That GP who suggests that Xen is used to distribute tasks obviously isn't familiar with the needs of big iron.
So here's what you're missing: Vector processors aren't about doing a lot of math. True, they do that very well, but that's not where they excell. Where vector processors really shine, is in memory bandwidth. Vector operations let you use that 4Terabyte/second of memory bandwidth, and actually use it, not spend it all flushing out cache lines. On this machine, a single load instruction can fetch 2KB of data.
Cell (and many GPUs or future whatever) have the ability to do a LOT of math, but they do it on a very tiny amount of data. These vector CPUs have dozens or hundreds of memory controllers.

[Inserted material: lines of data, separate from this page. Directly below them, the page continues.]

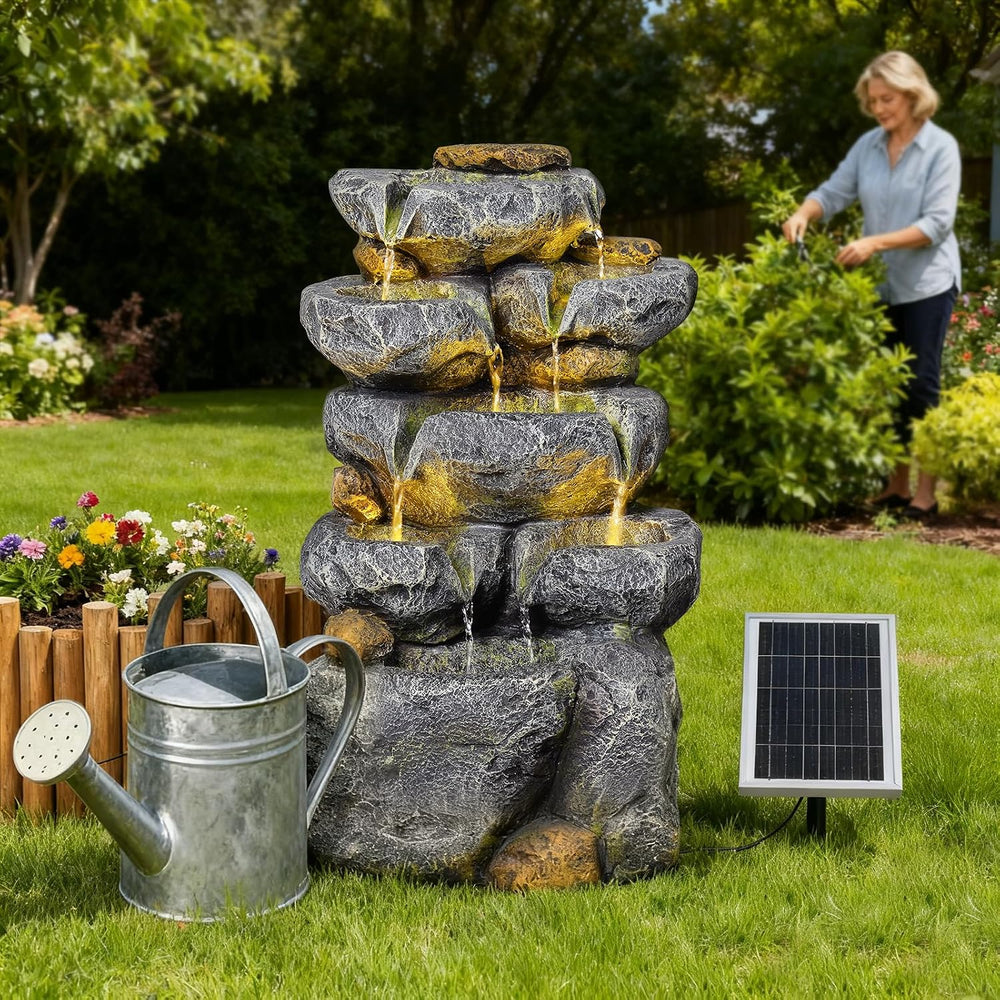 24" Tall Solar Powered Water Fountain Cascading Rock Waterfall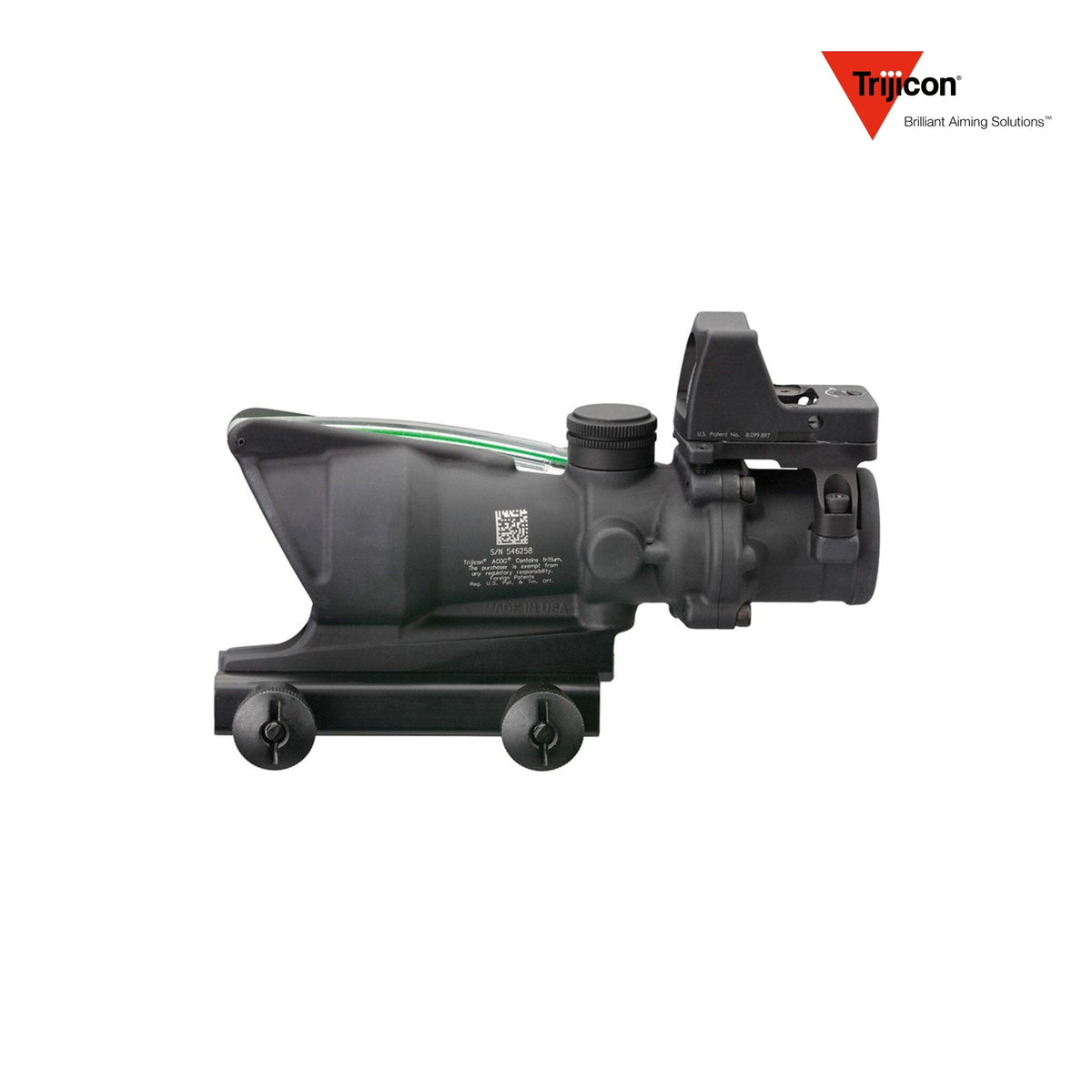 Trijicon ACOG 4x32 rifle scope with a red crosshair .223 BAC reticle and RMR red dot, with dual-illuminated optics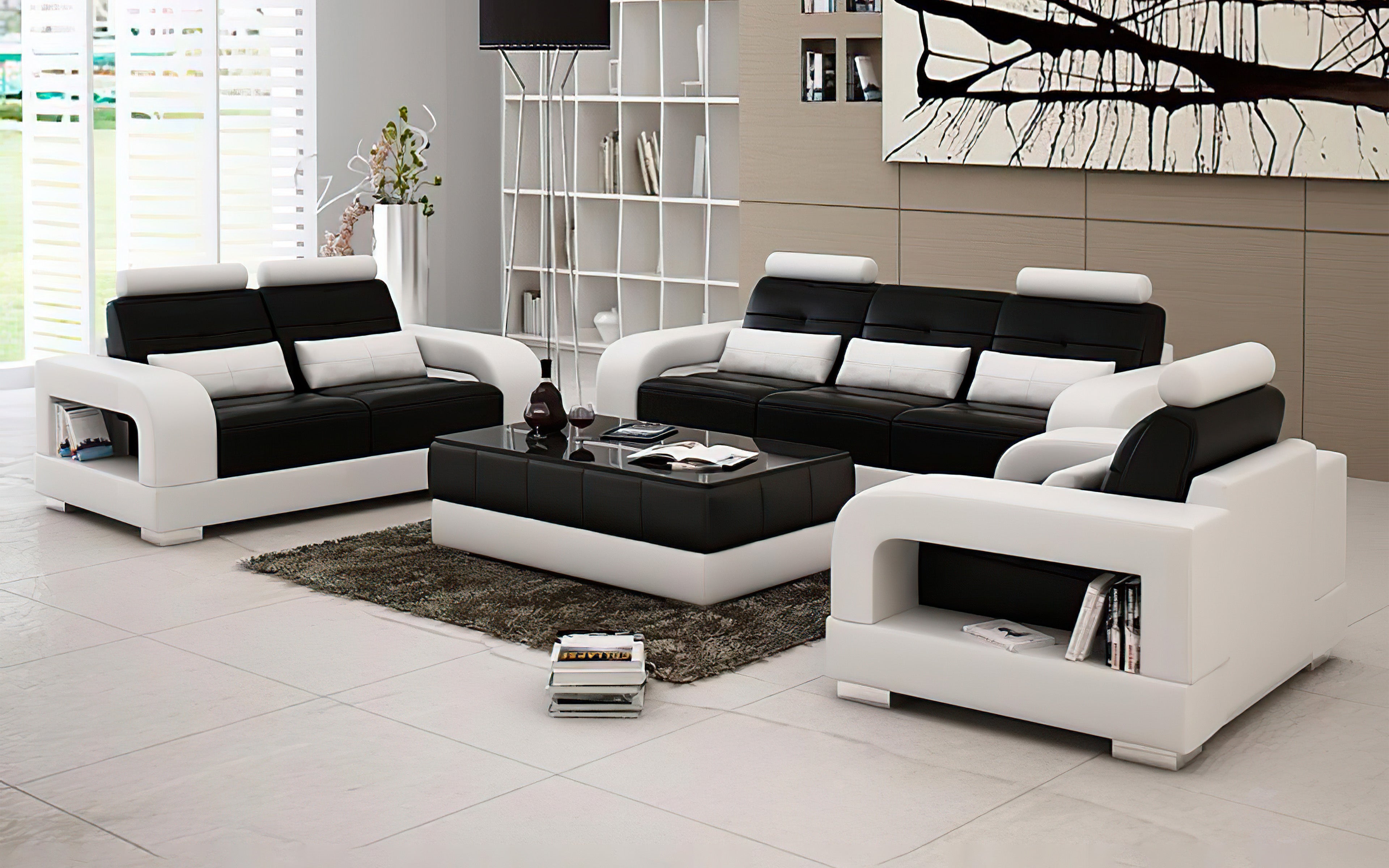Ulubray Modern Leather Sofa Set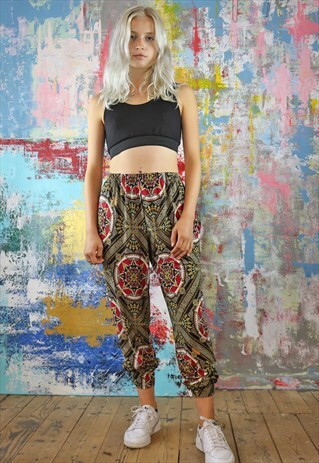 Silky Kaleidoscope  Print Joggers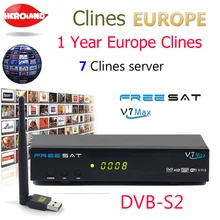 Hero Iand USB WIFI Europe 7 clines for 1 year V7 MAX DVB-S2 Satellite TV Receiver decoder PowerVu Biss Key Cline Newcam PK V7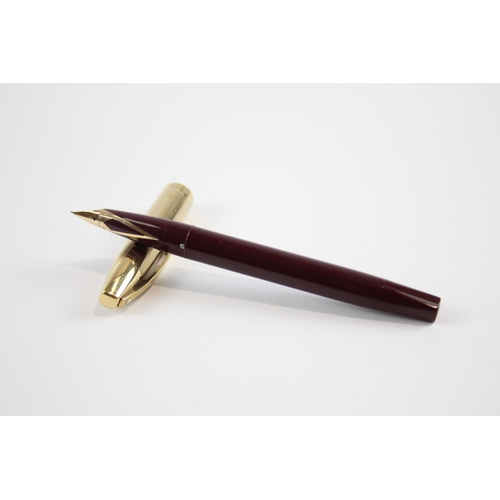 306 - Vintage SHEAFFER Imperial Burgundy FOUNTAIN PEN w/ 14ct Gold Nib WRITING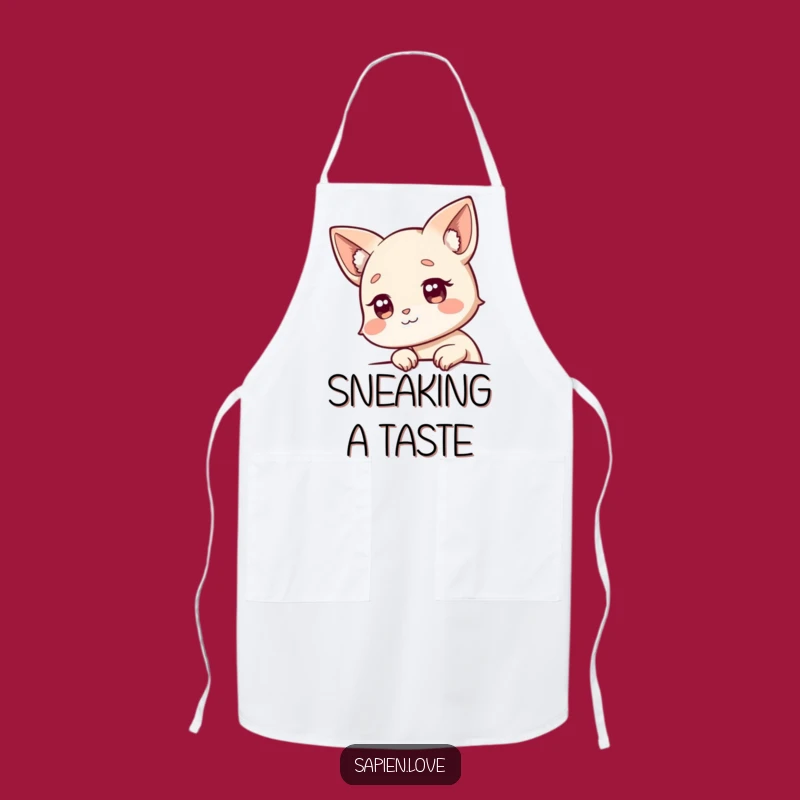 Funny Kitchen Apron - Curious Animal Ears Character Chef's Gift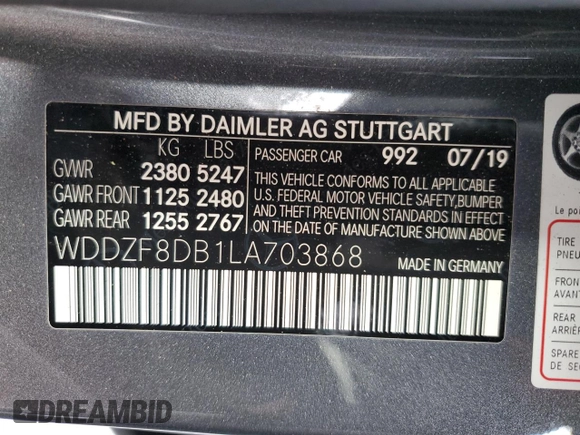 2020 Mercedes-Benz E-Class E 350 with VIN WDDZF8DB1LA703868, listed as a Copart auction lot 51473245 with 100,284 mi miles and Salvage Title. Bid and sale history available at carsss.com. Image 12.
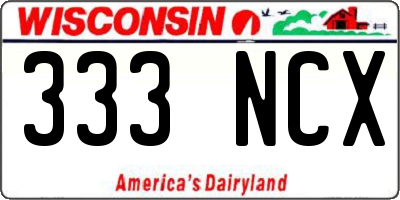 WI license plate 333NCX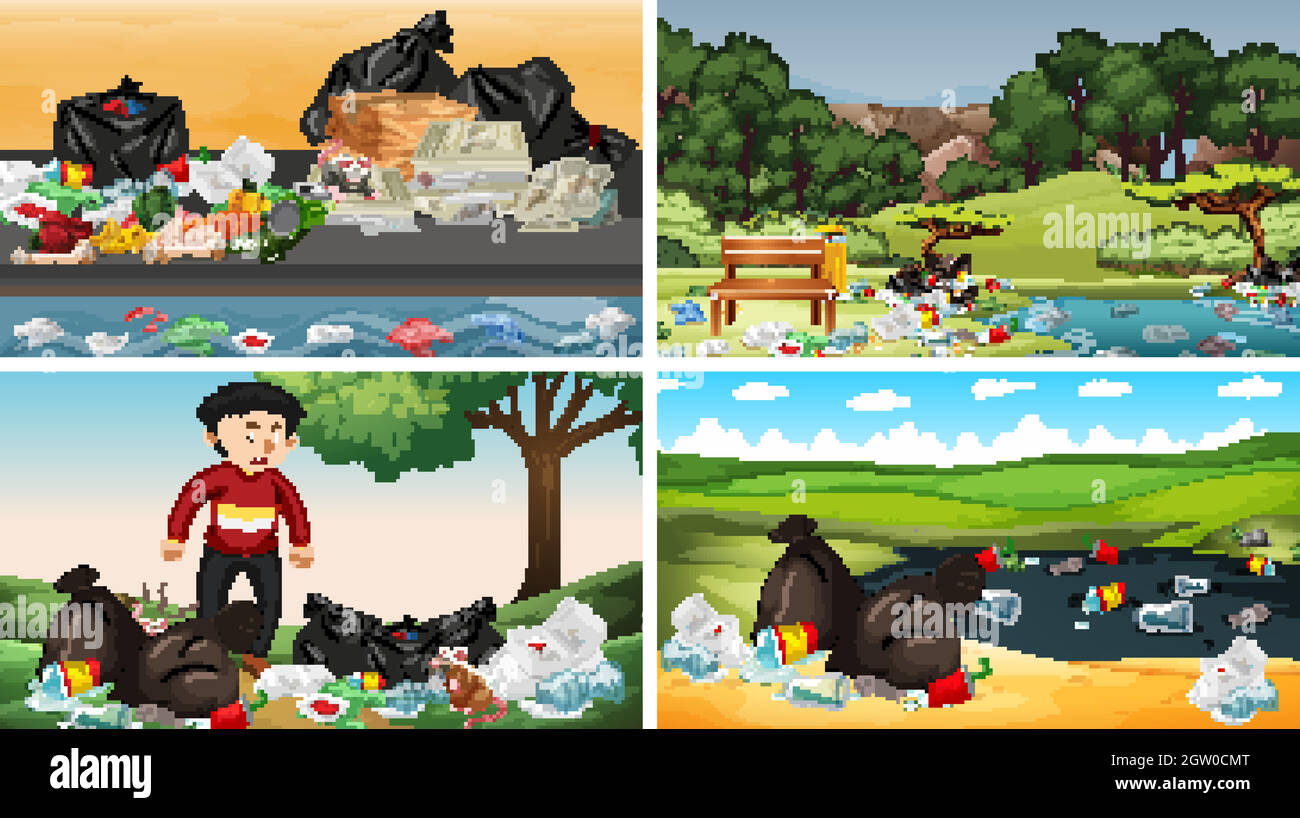 Polluted Scenes Set of polluted scenes Stock Vector Image & Art - Alamy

That's a lot of RAM chips, and a lot of copper wires between memory and the CPU. I'm sure the motherboard is dozens of layers thick for all the traces. In short, you can't get all that capability on a commodity processor, because the commodity market won't pay for all the memory bandwidth, which is expensive to engineer, and expensive per-unit.
Unless/untill there is a major change in the cost of memory, and memory bandwidth, there will still be a need for special-purpose supercomputing processors. This is not to say that Cray and NEC will continue to be the people to make such a thing. I'm sure IBM could come up with a cell-derived processor with a TON of real memory bandwidth, or maybe Nvidia. The question is: will they want to? I figure there's a lot more money to be made selling videogame consoles than there is at the high-end of the supercomputer market.